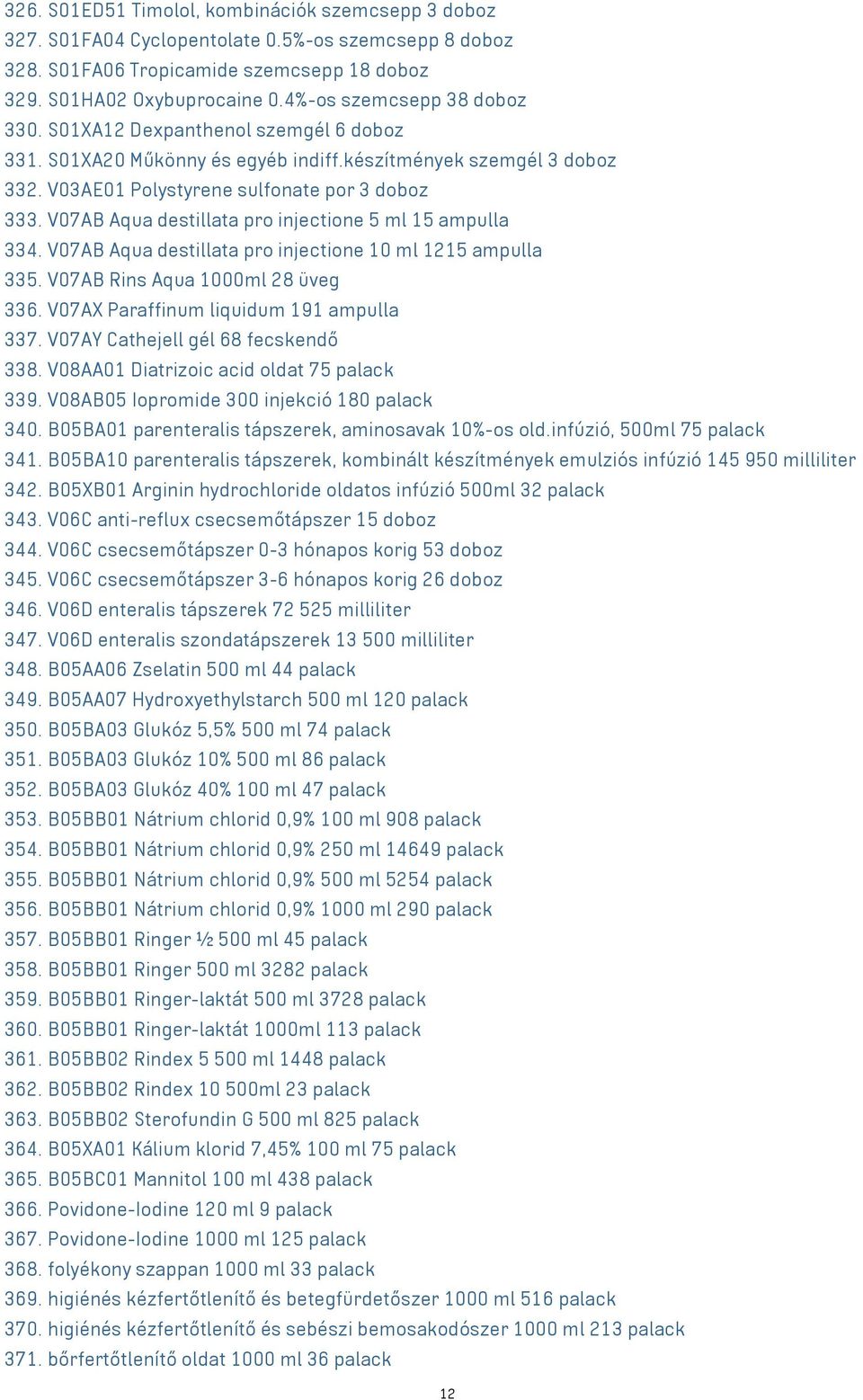 V07AB Aqua destillata pro injectione 5 ml 15 ampulla 334. V07AB Aqua destillata pro injectione 10 ml 1215 ampulla 335. V07AB Rins Aqua 1000ml 28 üveg 336. V07AX Paraffinum liquidum 191 ampulla 337.
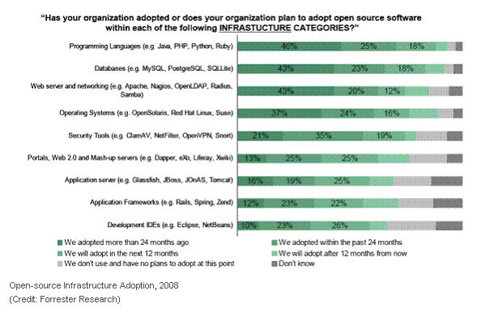 오픈소스의 질주, IT시장 뒤흔든다 뉴스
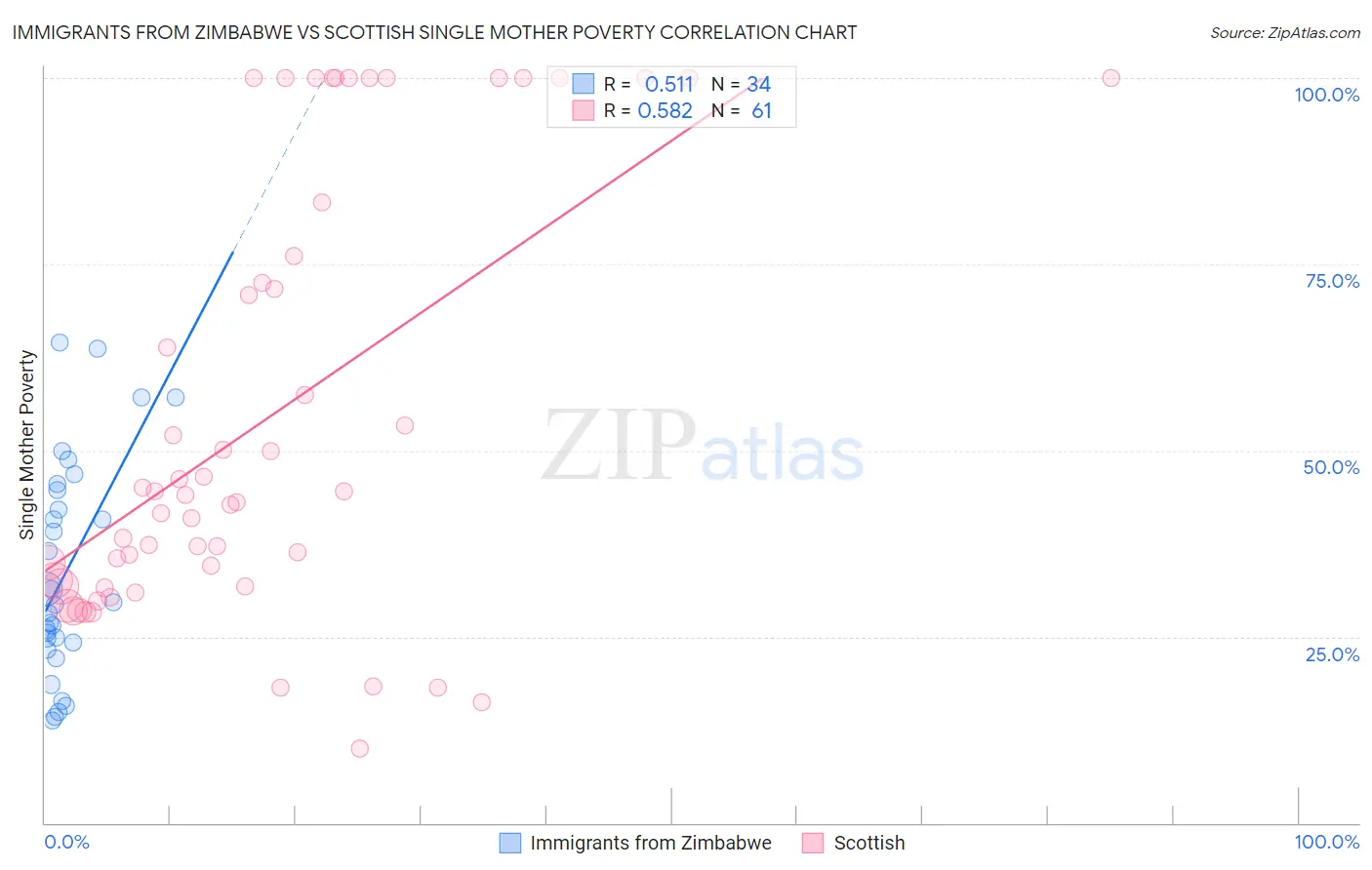 Immigrants from Zimbabwe vs Scottish Single Mother Poverty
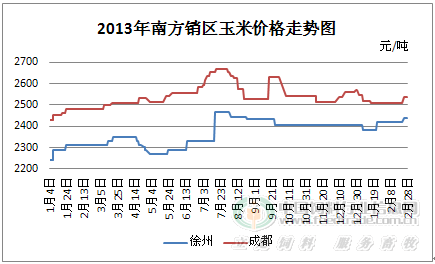 玉米期货6月3日主力小幅上涨0.16% 收报2438.0元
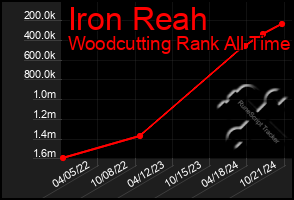 Total Graph of Iron Reah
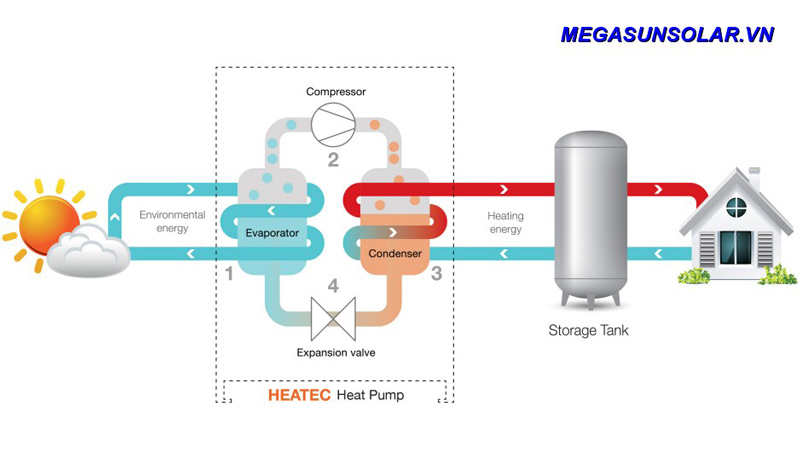 Nguyên lý hoạt động của  Heatpump Megasun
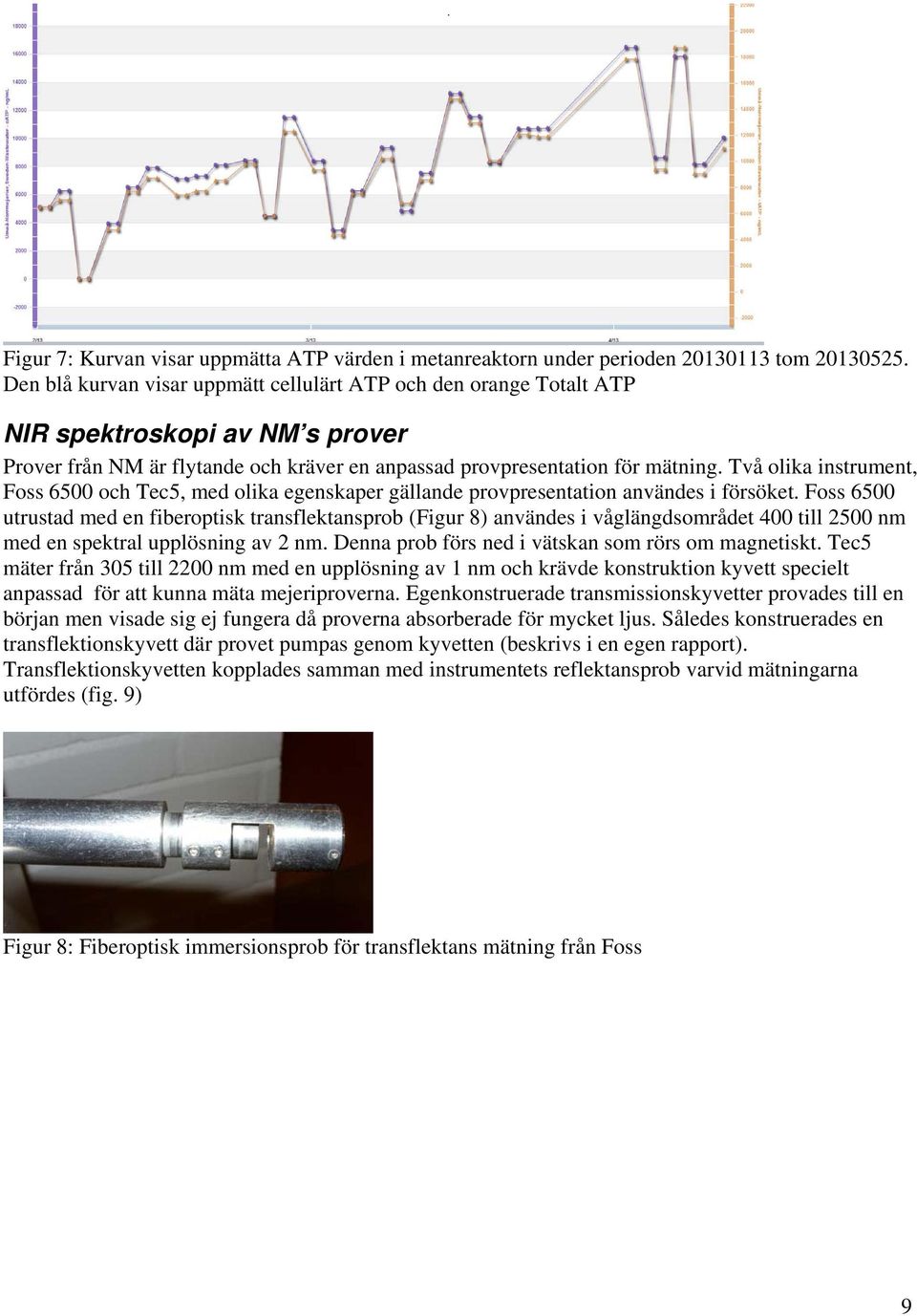 Två olika instrument, Foss 6500 och Tec5, med olika egenskaper gällande provpresentation användes i försöket.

## About this task
Give back all of the entries verbatim, but without pictures.

## Reply
 V07AB Aqua destillata pro injectione 5 ml 15 ampulla 334. V07AB Aqua destillata pro injectione 10 ml 1215 ampulla 335. V07AB Rins Aqua 1000ml 28 üveg 336. V07AX Paraffinum liquidum 191 ampulla 337.
 오픈소스의 질주, IT시장 뒤흔든다 뉴스
 Immigrants from Zimbabwe vs Scottish Single Mother Poverty
 玉米期货6月3日主力小幅上涨0.16% 收报2438.0元
 Total Graph of Iron Reah
 Nguyên lý hoạt động của  Heatpump Megasun
 Två olika instrument, Foss 6500 och Tec5, med olika egenskaper gällande provpresentation användes i försöket.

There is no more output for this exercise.